You are viewing a plain text version of this content. The canonical link for it is here.
Posted to hdfs-user@hadoop.apache.org by Christian Schneider <cs...@gmail.com> on 2013/08/12 21:33:18 UTC
How to tune fileSystem.listFiles("/", true) if you like walk though
almost all files
Hi, is there a way to tune this?
I walk though the files with:
RemoteIterator<LocatedFileStatus> listFiles = fileSystem.listFiles(new
Path(uri), true);
while(listFiles.hasNext()) {
listFiles.next();
};
I need to get some information about those files, therefore i like to scan
them all.
Is there any way to tune the listFiles.next() call. Like loading a bunch of
files, or multithreading it?
Best Regards,
Christian.
Re: How to tune fileSystem.listFiles("/", true) if you like walk
though almost all files
Posted by Christian Schneider <cs...@gmail.com>.
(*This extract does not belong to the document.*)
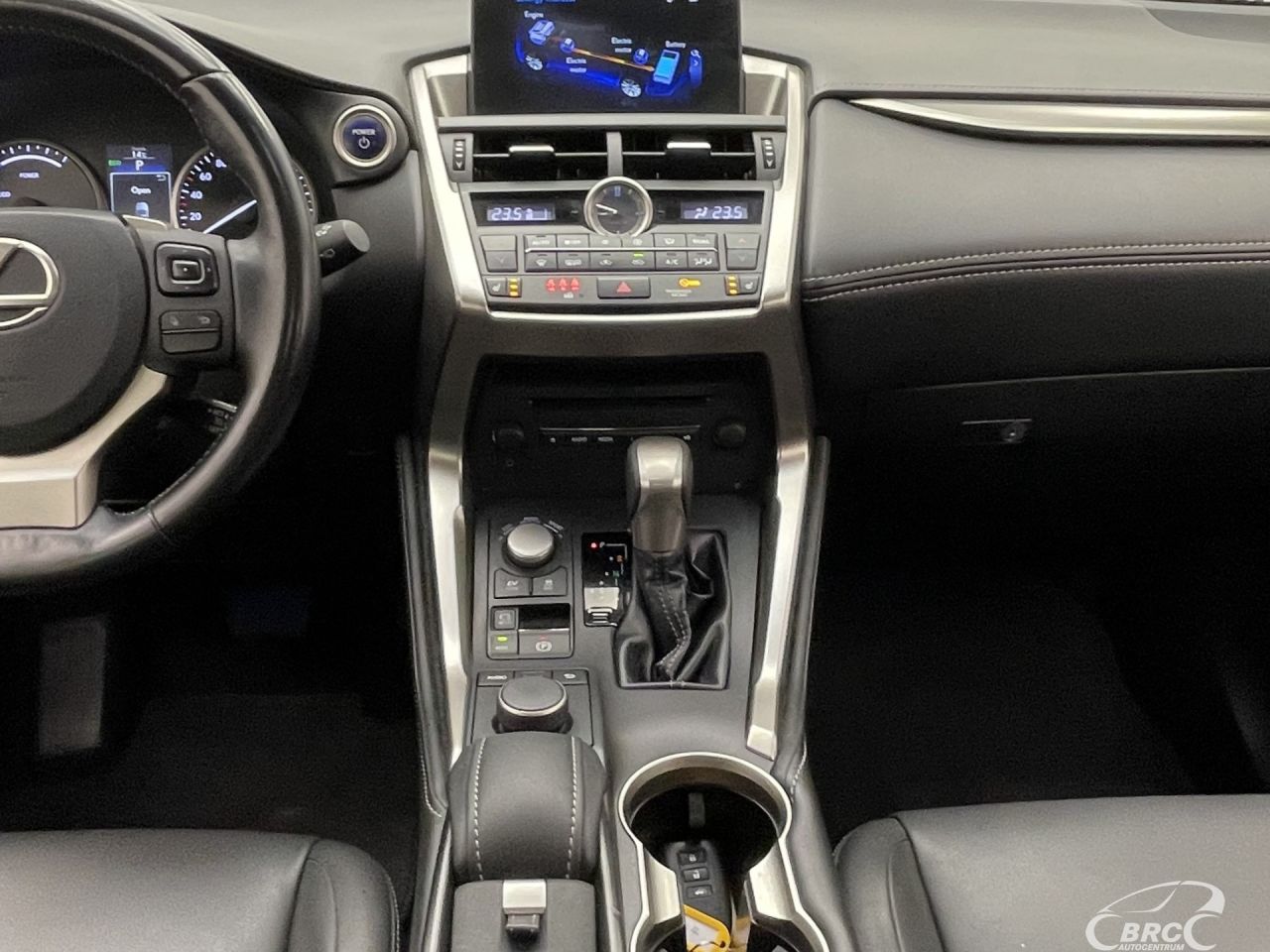 Lexus NX 300h | 14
Hi, i found out that it works much faster with fileSystem.listStatus() and
a recursion by hand.
listFiles = 4021 Files in 14.27 s
listStatus = 4021 Files 364.3 ms
Currently i just tested it on localhost. Tomorrow I check it against the
cluster.
public class Main
{
static AtomicInteger count = new AtomicInteger();
static URI uri;
static FileSystem fileSystem;
public static void main(final String... args) throws URISyntaxException,
IOException, InterruptedException
{
uri = new URI("/home/christian/Documents");
fileSystem = FileSystem.get(uri, new Configuration(), "hdfs");
Stopwatch stopwatch = new Stopwatch();
stopwatch.start();
withListAllAndNext();
stopwatch.stop();
System.out.println(count + " - " + stopwatch);
stopwatch.reset();
count.set(0);
stopwatch.start();
blockwiseWithRecursion(fileSystem.listStatus(new Path(uri)));
stopwatch.stop();
System.out.println(count + " - " + stopwatch);
}
private static void blockwiseWithRecursion(FileStatus... listLocatedStatus)
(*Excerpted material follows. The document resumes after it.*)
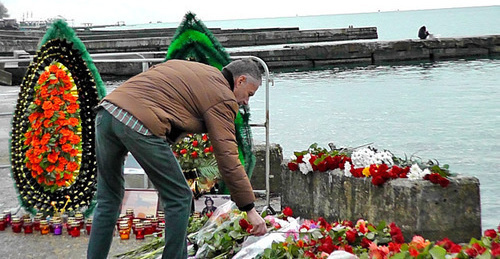 People laying flowers at the embankment in Sochi. December 26, 2016. Photo by Anna Gritsevich for the "Caucasian Knot" People laying flowers at the embankment in Sochi. December 26, 2016. Photo by Anna Gritsevich for the "Caucasian Knot"
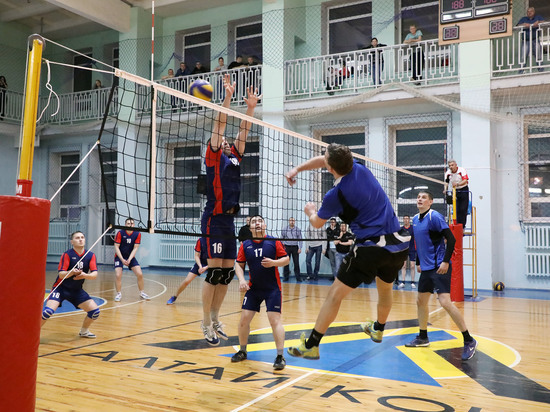 Алтай-Кокс провел волейбольный турнир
throws FileNotFoundException, IOException
{
for (FileStatus fileStatus : listLocatedStatus)
{
if (fileStatus.isDirectory())
blockwiseWithRecursion(fileSystem.listStatus(fileStatus.getPath()));
else
count.incrementAndGet();
}
}
private static void withListAllAndNext() throws FileNotFoundException,
IOException
{
RemoteIterator<LocatedFileStatus> listFiles = fileSystem.listFiles(new
Path(uri), true);
while (true)
{
try
{
LocatedFileStatus next = listFiles.next();
count.incrementAndGet();
}
catch (IOException e)
{
System.err.println(e.getMessage());
}
catch (NoSuchElementException e)
{
break;
}
}
}
}
2013/8/12 Christian Schneider <cs...@gmail.com>
> Hi, is there a way to tune this?
>
> I walk though the files with:
>
> RemoteIterator<LocatedFileStatus> listFiles = fileSystem.listFiles(new
> Path(uri), true);
> while(listFiles.hasNext()) {
> listFiles.next();
> };
>
> I need to get some information about those files, therefore i like to scan
> them all.
>
> Is there any way to tune the listFiles.next() call. Like loading a bunch
> of files, or multithreading it?
>
> Best Regards,
> Christian.
>
Re: How to tune fileSystem.listFiles("/", true) if you like walk
though almost all files
Posted by Christian Schneider <cs...@gmail.com>.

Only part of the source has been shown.